On 10 May last year, Steven Kurtz woke to find that his wife, Hope, had
suffered a heart attack in the night and was lying lifeless next to him.

The experience was traumatic, but events that followed have turned the
professor's ordeal into macabre persecution. Today he faces a 20-year jail
sentence on terrorism-related charges. 'I am facing a long stretch in jail
for my beliefs and my art,' Kurtz, 47, an art professor at Buffalo
University, New York, told The Observer.

The affair also threatens to jeopardise academic freedom and scientific
exchange on either side of the Atlantic, lawyers have warned.

The ordeal of Kurtz, who is to appear in court on Tuesday on charges of mail
and wire fraud, began after he called medical emergency services. Paramedics
arrived to try, unsuccessfully, to revive his wife and noticed the
biological equipment in his flat. Kurtz is a member of the Critical Art
Ensemble, a group that aims, according to its website, to explore the
connections between art, technology and radical politics. He uses the
biological equipment to work on presentations such as Flesh Machine and
GenTerra, in which audiences participate in DNA experiments.
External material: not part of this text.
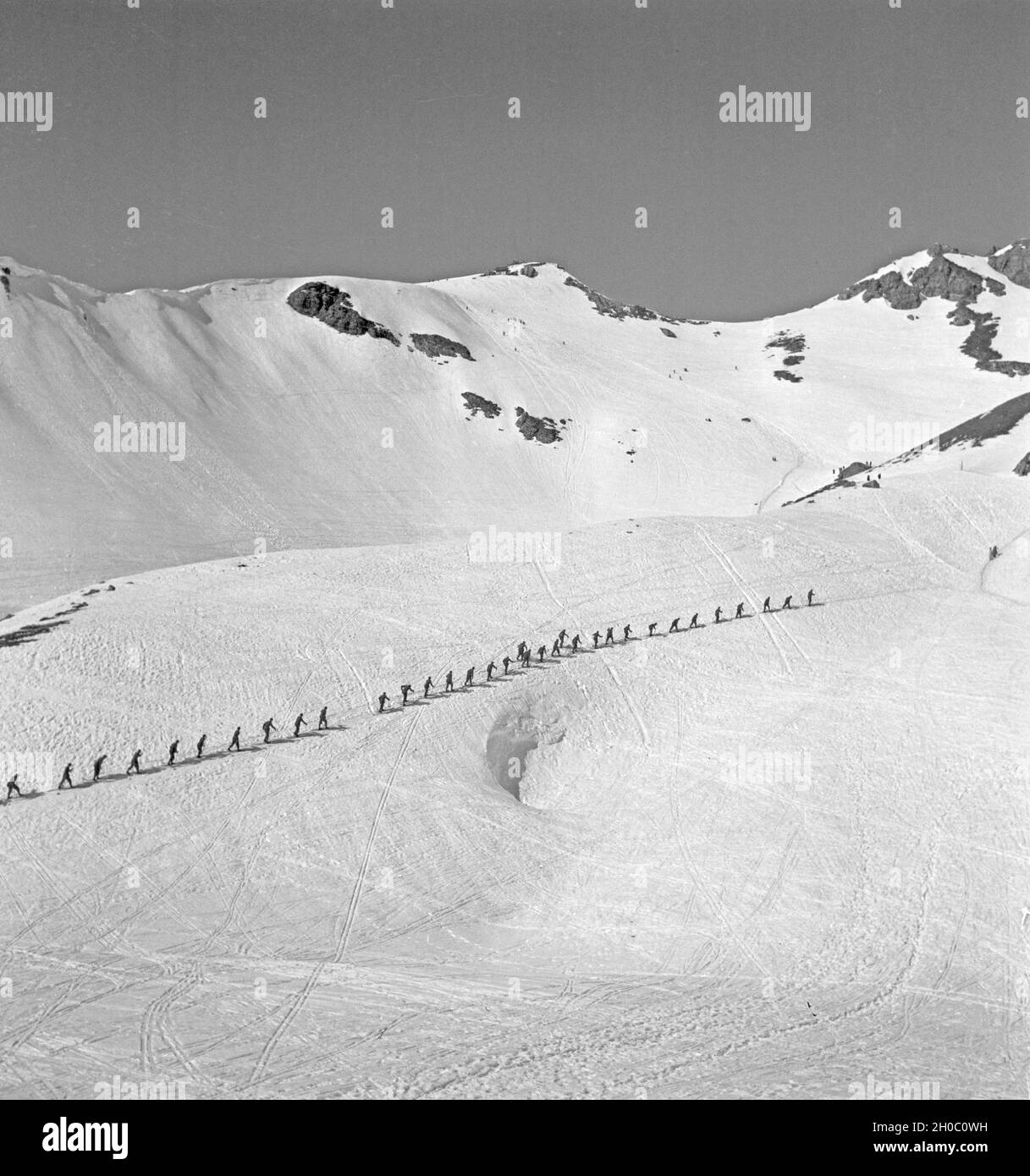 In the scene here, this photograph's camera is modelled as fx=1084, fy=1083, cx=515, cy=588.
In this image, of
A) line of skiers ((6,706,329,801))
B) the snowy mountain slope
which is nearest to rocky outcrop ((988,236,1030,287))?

'I had a laboratory centrifuge for isolating DNA from cells, and other
equipment. The police were called and decided I could be using it for
terrorism.'

Kurtz was taken away, his wife's body still in their flat, and for the next
two days was interrogated by FBI agents convinced that he had been creating
biological weapons. 'They even decided I could be planning to use my cat to
disperse bacteria or viruses - so they locked it up as well.'

His apartment block was sealed off while agents wearing bio-hazard suits
searched his flat. 'All they got were my files, books and computer.'

Kurtz was eventually released but was still subject to a seven-week grand
jury investigation which concluded that although he could not be accused of
terrorism, he could be charged with fraudulent use of the US mail and wire
services.

These charges concern his use of harmless bacteria Serratia marcescens and
Bacillus atrophaeus , which he obtained by post from his friend Robert
Ferrell, a geneticist at Pittsburgh University. Ferrell, in turn, obtained
the samples from a standard academic culture bank.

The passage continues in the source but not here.